The crackdown didn’t seem to matter to supporters of Democratic presidential candidate Bernie Sanders, who called for the breakup of too-big-to-fail institutions. Now the Republican Party platform and the final draft of the one approved by Democrats call for reinstatement of the Glass-Steagall Act of 1933, which separated commercial and investment banking. If enacted, the measure could break up JPMorgan Chase & Co., Bank of America and Citigroup Inc.

The 17 million Britons who voted last month to quit the European Union didn’t care that their nation’s financial-services industry, which accounts for 8 percent of the economy, might have to move some operations overseas.
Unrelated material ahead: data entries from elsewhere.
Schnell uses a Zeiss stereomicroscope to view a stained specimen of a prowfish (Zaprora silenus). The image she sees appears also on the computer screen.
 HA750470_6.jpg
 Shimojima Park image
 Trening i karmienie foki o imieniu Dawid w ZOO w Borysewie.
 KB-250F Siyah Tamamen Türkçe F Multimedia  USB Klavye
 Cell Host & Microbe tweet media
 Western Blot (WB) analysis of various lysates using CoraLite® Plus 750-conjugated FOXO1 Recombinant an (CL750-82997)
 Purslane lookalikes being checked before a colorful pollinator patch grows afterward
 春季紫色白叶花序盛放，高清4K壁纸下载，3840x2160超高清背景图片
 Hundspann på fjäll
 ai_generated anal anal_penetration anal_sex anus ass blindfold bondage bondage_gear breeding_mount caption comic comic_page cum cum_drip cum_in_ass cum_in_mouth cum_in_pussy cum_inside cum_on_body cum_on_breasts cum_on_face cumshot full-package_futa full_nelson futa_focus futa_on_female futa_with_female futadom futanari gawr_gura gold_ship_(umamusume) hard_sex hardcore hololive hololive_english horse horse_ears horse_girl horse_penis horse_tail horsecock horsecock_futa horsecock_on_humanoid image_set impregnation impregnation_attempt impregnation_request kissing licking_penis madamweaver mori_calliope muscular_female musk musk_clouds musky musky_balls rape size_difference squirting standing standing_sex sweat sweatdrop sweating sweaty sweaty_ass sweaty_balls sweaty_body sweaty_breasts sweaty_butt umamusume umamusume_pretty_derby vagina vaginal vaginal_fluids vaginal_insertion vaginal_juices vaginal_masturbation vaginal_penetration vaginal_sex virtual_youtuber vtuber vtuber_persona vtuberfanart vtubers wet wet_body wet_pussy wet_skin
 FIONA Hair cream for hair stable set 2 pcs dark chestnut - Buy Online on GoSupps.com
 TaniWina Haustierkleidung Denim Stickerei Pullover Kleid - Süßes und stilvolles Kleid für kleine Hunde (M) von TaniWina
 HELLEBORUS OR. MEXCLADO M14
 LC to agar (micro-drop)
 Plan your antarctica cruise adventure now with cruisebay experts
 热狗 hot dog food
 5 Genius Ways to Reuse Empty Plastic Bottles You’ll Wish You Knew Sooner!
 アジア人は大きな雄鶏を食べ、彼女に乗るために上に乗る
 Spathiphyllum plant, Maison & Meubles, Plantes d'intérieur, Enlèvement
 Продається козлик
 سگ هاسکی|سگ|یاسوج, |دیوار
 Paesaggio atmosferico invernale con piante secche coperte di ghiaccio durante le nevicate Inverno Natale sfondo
That’s sobering news for a business that dared to hope the post-crisis reckoning was drawing to an end. For eight years, the men and women who work in finance have been playing defense. More than half a million jobs have vanished from the world’s biggest banks since 2008, data compiled by Bloomberg show. Top-tier hedge funds and money-management firms are dropping fees and cutting employees to stay competitive.

With new capital requirements and tougher stress tests looming, bank chieftains probably will be squeezing even more expenses from their organizations for years to come. This year, revenue at investment banks in the U.S. and Europe will shrink by one-fifth compared with 2010, to $212 billion, according to Boston Consulting Group. Finance pros are confronting a reality they once deemed unthinkable -- the rollicking game they played for so long has been tamed.

As government watchdogs tighten their grip, a sputtering global economy and a horde of fintech startups assailing the castle walls are forcing changes few foresaw in the wake of the crash. Influential bankers such as JPMorgan Chief Executive Officer Jamie Dimon and Banco Santander SA Chairman Ana Botin are investing millions of dollars in ventures to defend their turf from interlopers and win over millennials who live their lives on smartphones. Even the 322-year-old Bank of England is making a move: In June, Governor Mark Carney announced the launch of a fintech accelerator.